Jonás Trueba regresa a San Sebastián tras haber competido hace cinco años con La reconquista, quintaescencia del cine que hasta ahora la hemos visto practicar: relatos mínimos y atildados, melosos en su tempo y en su forma. Su nueva propuesta parece estilísticamente muy alejada y, sobre el papel, podría resultar amenazadora: una cinta de ¡3 horas 40 minutos! compuesta de grabaciones a un grupo de adolescentes a lo largo de varios años y ya exhibidas en buena parte —aunque todavía sin forma de película terminada— en en Festival D’A de Barcelona en 2018.

Pero nada más empezar la proyección se pasa el susto: Quién lo impide —que es el título del proyecto a partir de una canción del recientemente fallecido Rafael Berrio, uno de sus cantautores de referencia, y a quien está dedicada la película— tiene vocación de fresco gigante en el que Trueba quiere reflejar a una generación que en 2018 no sabíamos que sería la de los jóvenes tocados por el confinamiento pandémico.
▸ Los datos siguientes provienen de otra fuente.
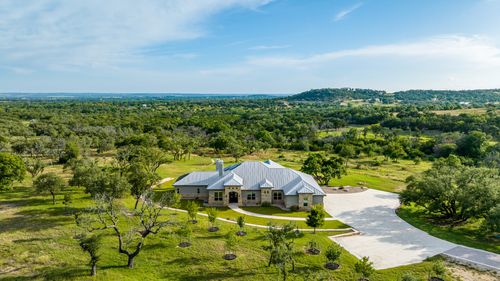 273 Admiral Heights Blvd, Fredericksburg, TX, 78624-2470 | Card Image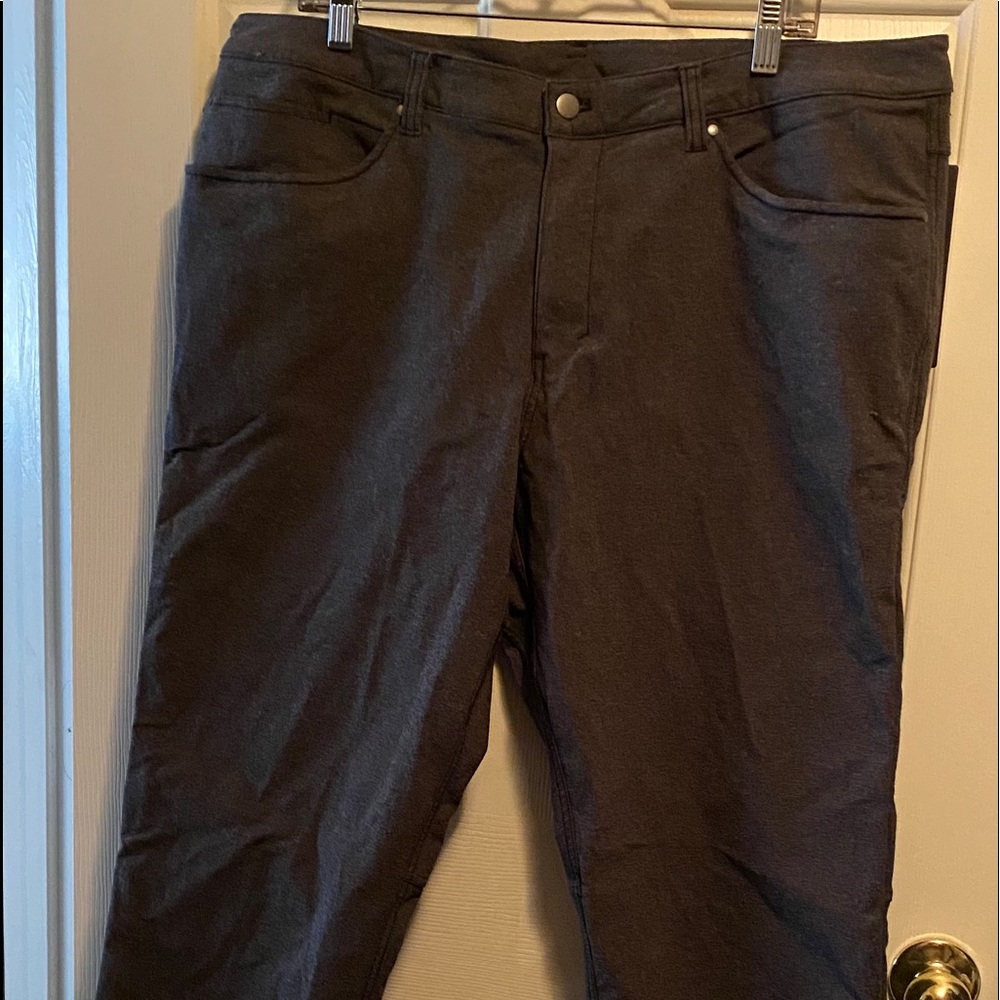 Lululemon Men’s ABC Pants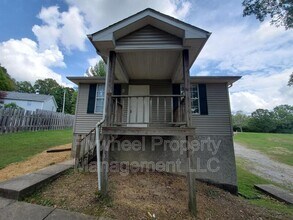 Building Photo - 118 N Poole St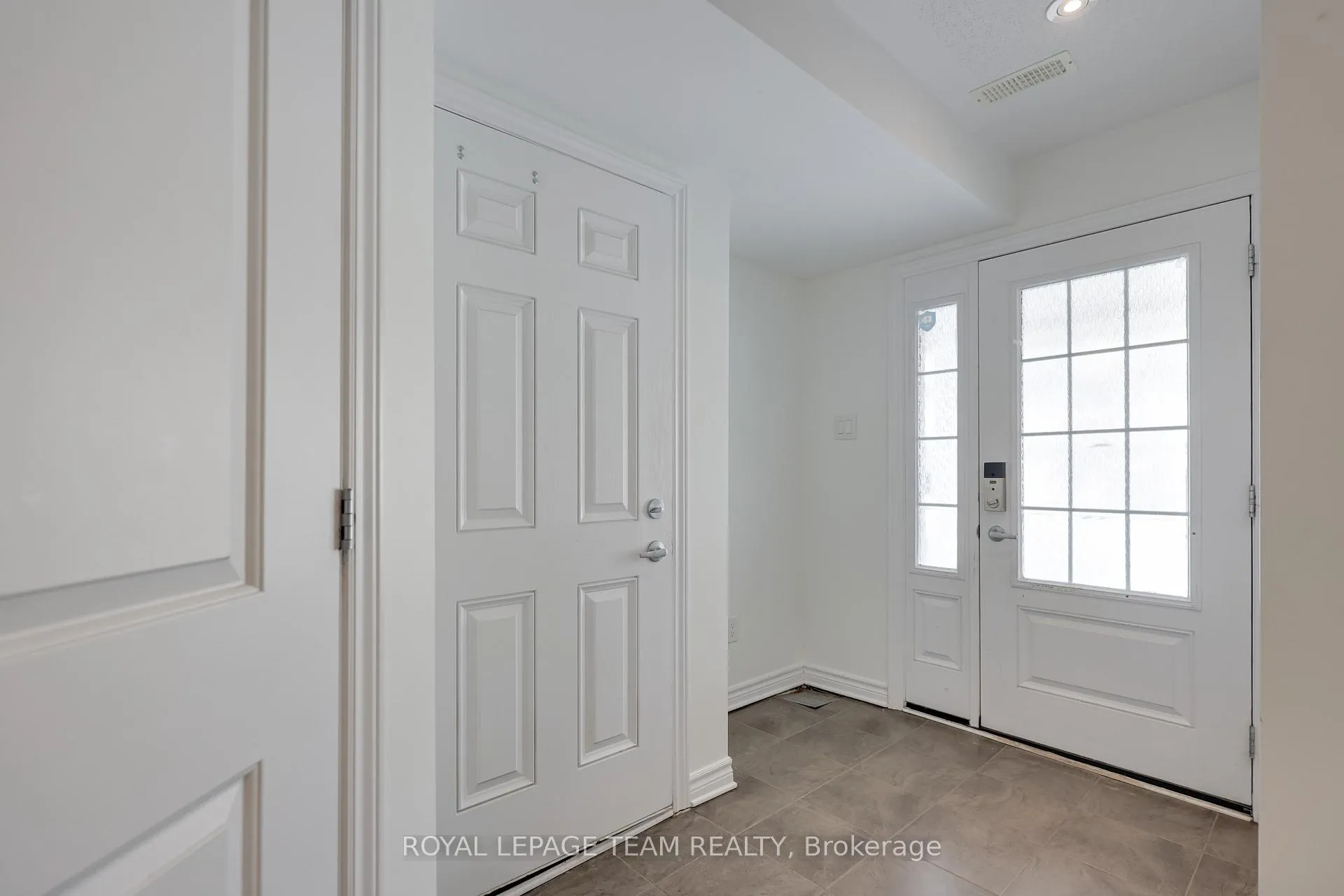 Photo 7 of 114 Sweetwater Lane, Ottawa, Kanata - Kanata Lakes/Heritage Hills — HOMEH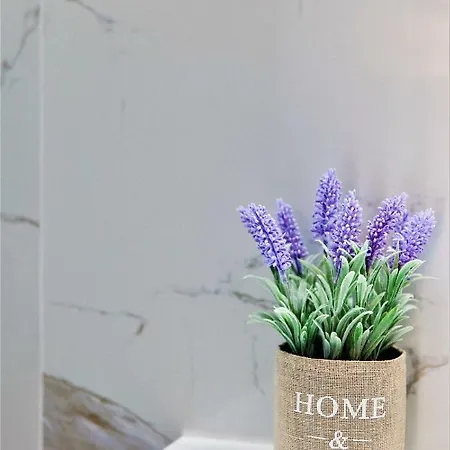 Aggelos & Deluxe Aparthotel 4*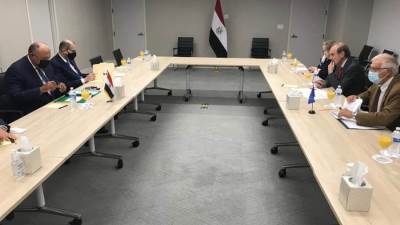 "شكري" يلتقي مع الممثل الاعلى للشئون الخارجية لبحث سبل التعاون بين البلدين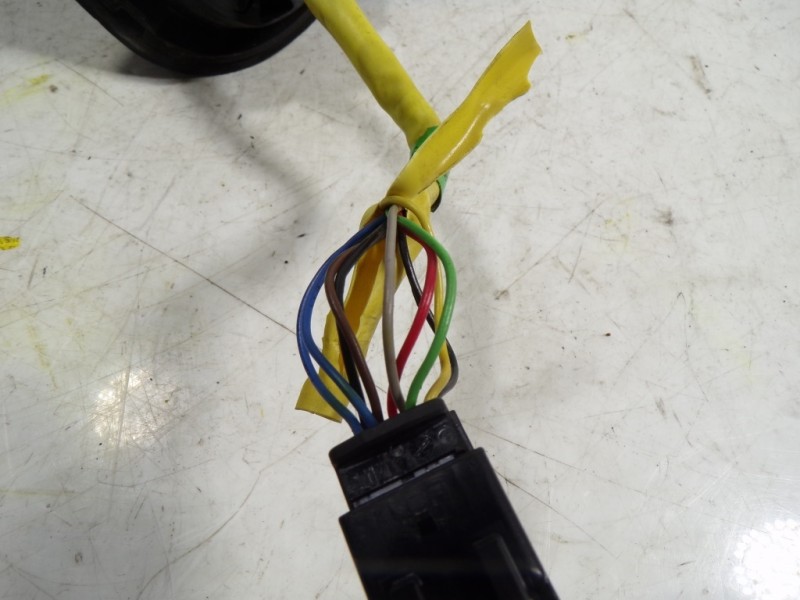 Recambio de espejo izquierdo para renault captur life referencia OEM IAM 963029938R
El largometraje —nunca mejor dicho— se estructura en tres partes, separadas por dos descansos, que coinciden con sendos cambios formales y narrativos en la cinta: la primera creemos reconocer una película de no ficción, en la que conocemos a multitud de adolescentes de institutos públicos de Madrid que dan retazos de su pensamiento, sus circunstancias y sus anhelos, llenos de luz y emoción verdadera. 

La segunda parte no es exactamente ficción, pero sí tiene mucho de recreación. Trueba se fija en algunos de los chicos para seguirles más allá de sus entrevistas a cámara a un viaje de fin de curso por un lado y a unas vacaciones de Semana Santa en un pueblo de Extremadura por otro. Es en este último relato donde más reconocemos al Jonás Trueba romántico y naíf, enamorado del amor y de sus jóvenes protagonistas.

Precisamente, la elección de esos personajes centrales es uno de los principales reproches que se le pueden hacer a la película, firmada por un hombre blanco heterosexual en una época donde el esfuerzo está puesto en mirar más allá de esas hechuras. Por el mismo friso, como personajes secundarios, van desfilando otros perfiles menos estándar y más sugerentes —dos víctimas de bullying, un gay fuerísima del armario en plena pubertad, inmigrantes racializados…— a los que hubiera sido muy interesante escuchar más.

La cinta culmina con un tercer tramo compuesto de las grabaciones realizadas en una jornada convocada en el Matadero de Madrid precisamente para la película y una nueva ronda de entrevistas en las que se abandona lo personal para interesarse por lo sociopolítico. Es aquí donde la película pierde interés porque las reivindicaciones más o menos idealistas de los chavales no se diferencian en nada a las que haya podido expresar ninguna otra generación a la redonda.

Sin duda el triunfo de Quién lo sabe es la intimidad que alcanza con sus protagonistas, unos chicos y chicas cuya humanidad desbordante parece que puede con todo, incluso con una película de tres horas cuarenta. ¿Es suficiente? ¿Es un retrato generacional transversal y acertado? A la vista de los comentarios de los acreditados más jóvenes, Trueba sí ha conseguido componer un gran mural en el que se reconocen y con el que sienten que pueden perdurar. Así sea.